The RNC community center model is the latest attempt by Republicans to court nonwhite voters, who have long eschewed the party and been demonized by its leading representatives. But 2020’s frenzied election returns suggested an opportunity. Joe Biden’s share of votes from Latinos decreased by eight percentage points compared to Hillary Clinton’s, according to a report from the progressive data utility Catalist. As Vox reported, this marked the “most dramatic shift in a four-year period among the major racial or ethnic groups seen.” The movement was stunning in areas like South Texas, where
five heavily Latino counties flipped to Donald Trump.
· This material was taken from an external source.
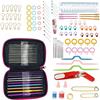 Changyeah kit accessori,125 pezzi accessori per maglieria all'uncinetto,Tutto-in-Uno Alta Qualità Uncinetto Astuccio,Maglieria Uncinetto Multicolore con Borsa Rosa portatile, Impugnatura Ergonomica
Biden’s vote share of Black Americans also decreased by three points, and the GOP overperformed with Asian Americans and Native Americans as well. It was something less than a breakthrough with nonwhite voters; Republicans losing Asian Americans by a 27 percent margin exhibited their best performance with any major racial minority bloc. But given the huge turnout increase in 2020, in raw numbers, Republicans put up vote totals that once would’ve seemed impossible even to the Pollyannaish.
The community centers were established to bore the opening further, making the appeal directly to racial minorities inside their communities, with an extremely offline, grassroots offering. This wasn’t a soft sell: The centers beckon potential voters with everything from movie nights to free dinners to holiday parties to
gun safety trainings, thrown by local organizers and paid for by your friends at the RNC, which has dedicated millions of dollars to the program. If those tactics sound familiar, that’s because they were once used to great effect, by groups as varied as the Black Panthers in Oakland or Democrats in New York’s Tammany Hall.
Many of these facilities are set up in places like Florida and Texas, where Republicans are already assured victory statewide and, thanks to vicious gerrymanders, in most congressional districts. But they’re also in places where the party aspires only to shrink the drastic margins by which they’re losing, places like Philadelphia. Performing better with minorities is an existential matter for Republicans, who cannot win popular elections in an increasingly nonwhite country if they don’t improve with these groups.
The Robeson County center, the RNC’s only outpost in North Carolina, is neither. Republicans flipped long-blue Robeson County to red with Trump on the ticket, but now face a much more onerous task of getting its residents to vote for replacement-level Republicans in off years. Democrats, meanwhile, believed they would win statewide in North Carolina in 2020, in both the presidential election and the Senate, only to come up, in both cases, less than 100,000 votes short; they’re back at it this year to contest for another Senate vacancy.